--- START ---

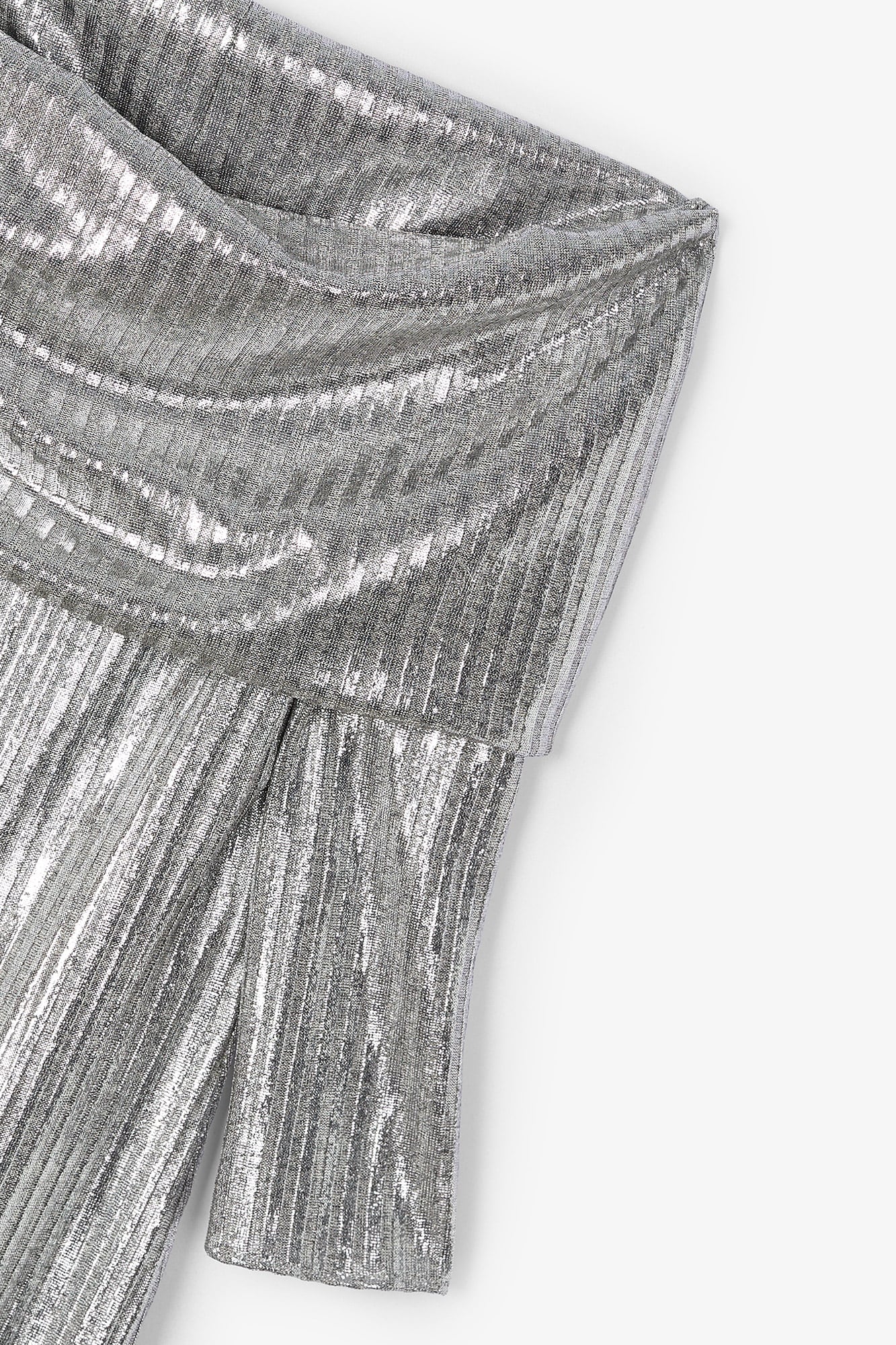 GILDA DRESS SILVER KNIT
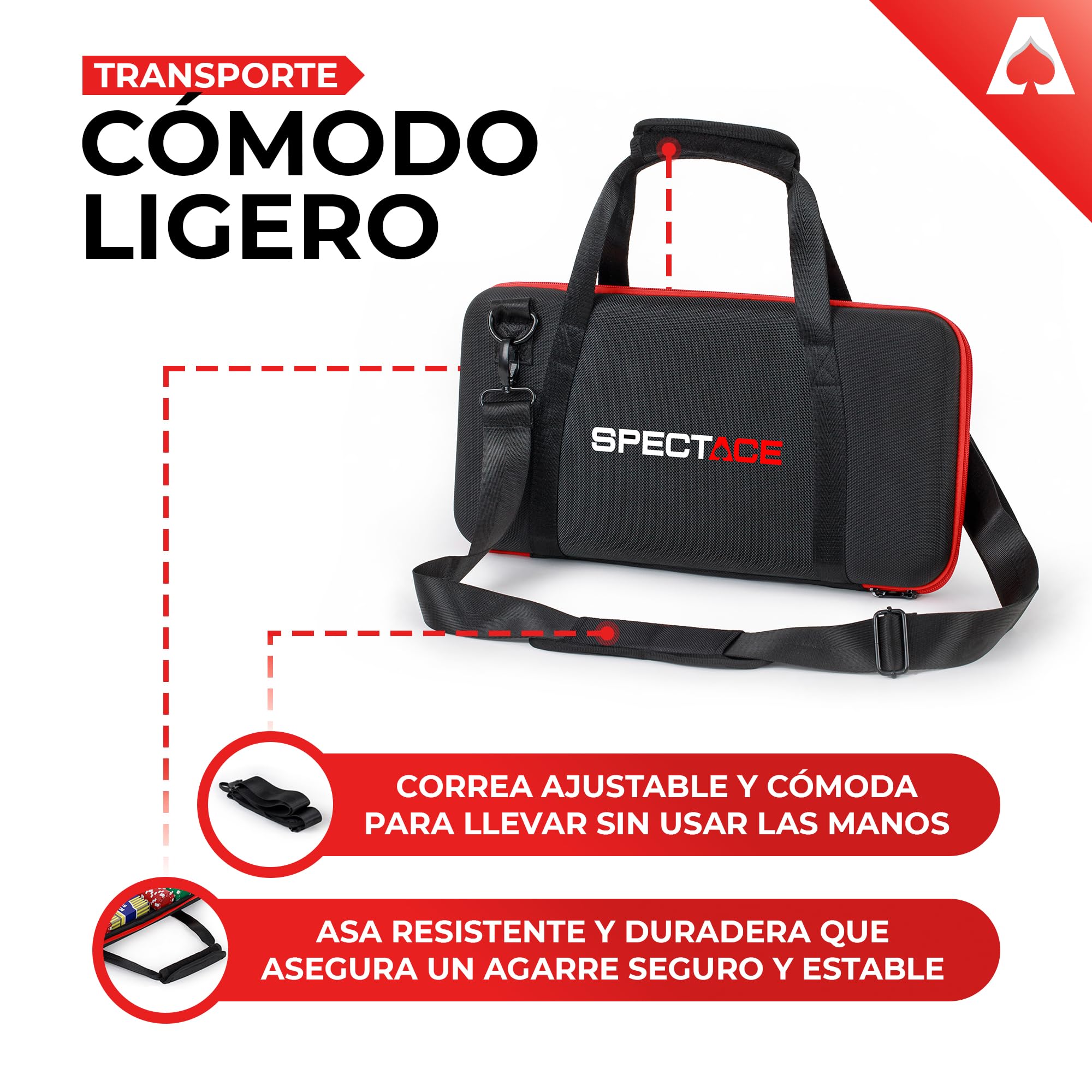 Poker Set con 300 Fichas de 11,5 g Estilo Casino + Baraja Dorada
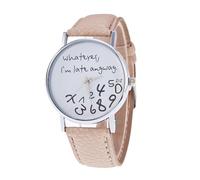 Generisch Pulsera enroscable para mujer I Am Late Anyway", reloj deportivo de plástico, Oro Rosa, talla única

--- END ---

## Goal of the exercise
Please write out the entire listing above exactly, but leave the pictures out.

## Answer to this task
 GILDA DRESS SILVER KNIT
 Poker Set con 300 Fichas de 11,5 g Estilo Casino + Baraja Dorada
 Generisch Pulsera enroscable para mujer I Am Late Anyway", reloj deportivo de plástico, Oro Rosa, talla única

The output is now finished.